Another crucial aspect of deconfliction is direct communication on various levels between the two parties. Establishing hotlines between Ankara and Athens to avoid misunderstandings and ensuring that they function properly without damaging the trust of either side would be of vital importance. 

How NATO could achieve all this is a curious question for NATO itself because the alliance, resting on the idea of collective defense, was never designed to arbitrate between member states. So, it is hardly a surprise that NATO has been paralyzed over the conflict between a self-detached Turkey and a self-obsessed Greece.

Nevertheless, the crisis appears unlikely to devolve into a full-fledged military confrontation down the road. Neither Ankara nor Athens would like to be a party igniting a conflict between NATO allies, no matter how unhappy they are with the current situation. Still, the drone traffic as well as human trafficking in the Aegean could lead to military faceoffs despite all NATO efforts. 

The illegal passage of migrants from Turkey’s western shores to nearby Greek islands is a major source of tensions that makes deconfliction necessary, even though it is not an area in which NATO would like to get involved. Boats carrying migrants might well spark an unwanted military confrontation one day, as evidenced by the Aug. 11 faceoff between gunboats of the Turkish and Greek coastguards after the latter opened fire on a migrant-laden boat between the Greek island of Rhodes and Turkey’s coastal town of Marmaris, injuring a Syrian and two Turkish nationals. Imagine that Greek gunboat fire kills a Turkish soldier or vice versa in such an incident. It is a grave scenario that could dangerously escalate the crisis.

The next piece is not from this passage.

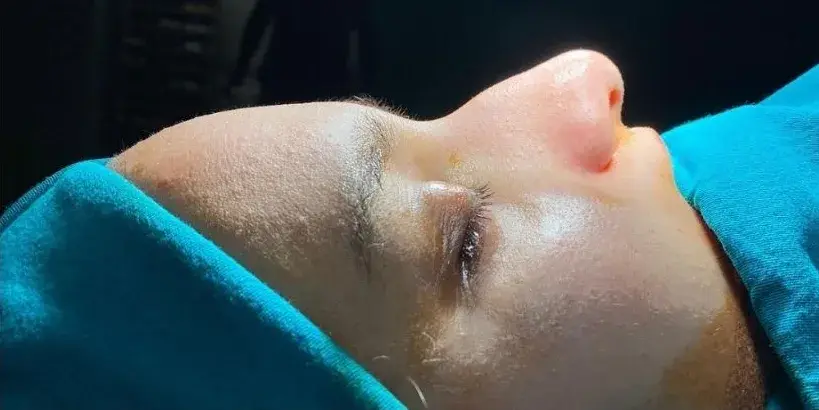 Case 3, the nose in profile before the operation.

What deconfliction proposals NATO will make to the two sides remains to be seen, but the risks stemming from the migrant traffic should not be overlooked.

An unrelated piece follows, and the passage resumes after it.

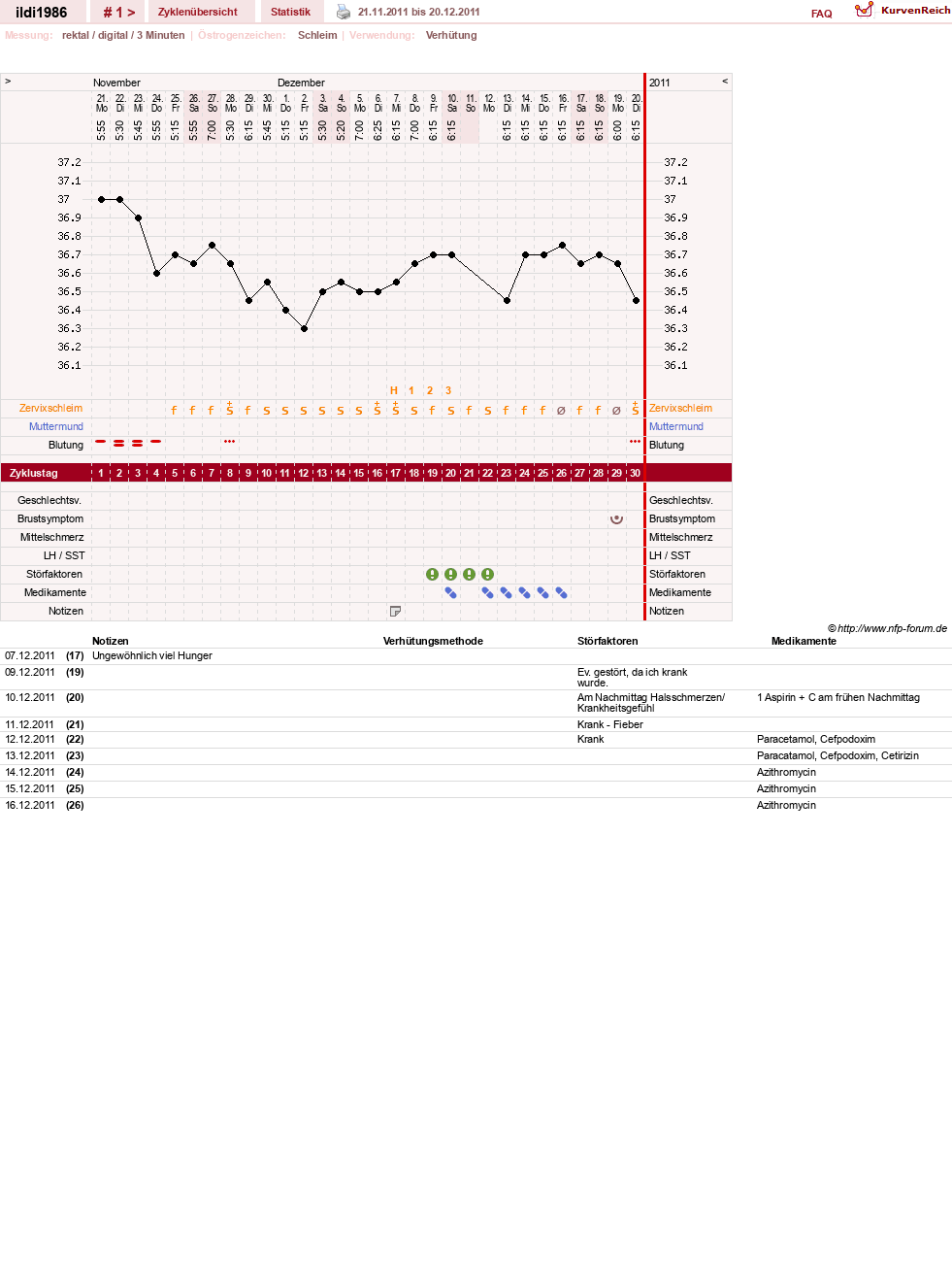 NFP-Kurve User #17675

The NATO initiative is, of course, laudable, but the crisis shows to what extent political dynamics between member states can impact the whole cohesion of the alliance. Turkey’s strategic divisions with other members, including France and the United States besides Greece, are growing over an array of issues such as Libya, Syria, Iraq, Russia and the energy rivalry in the eastern Mediterranean. 

NATO is now facing up to an unusual task of in-house deconfliction, the outcome of which will be closely watched by Moscow.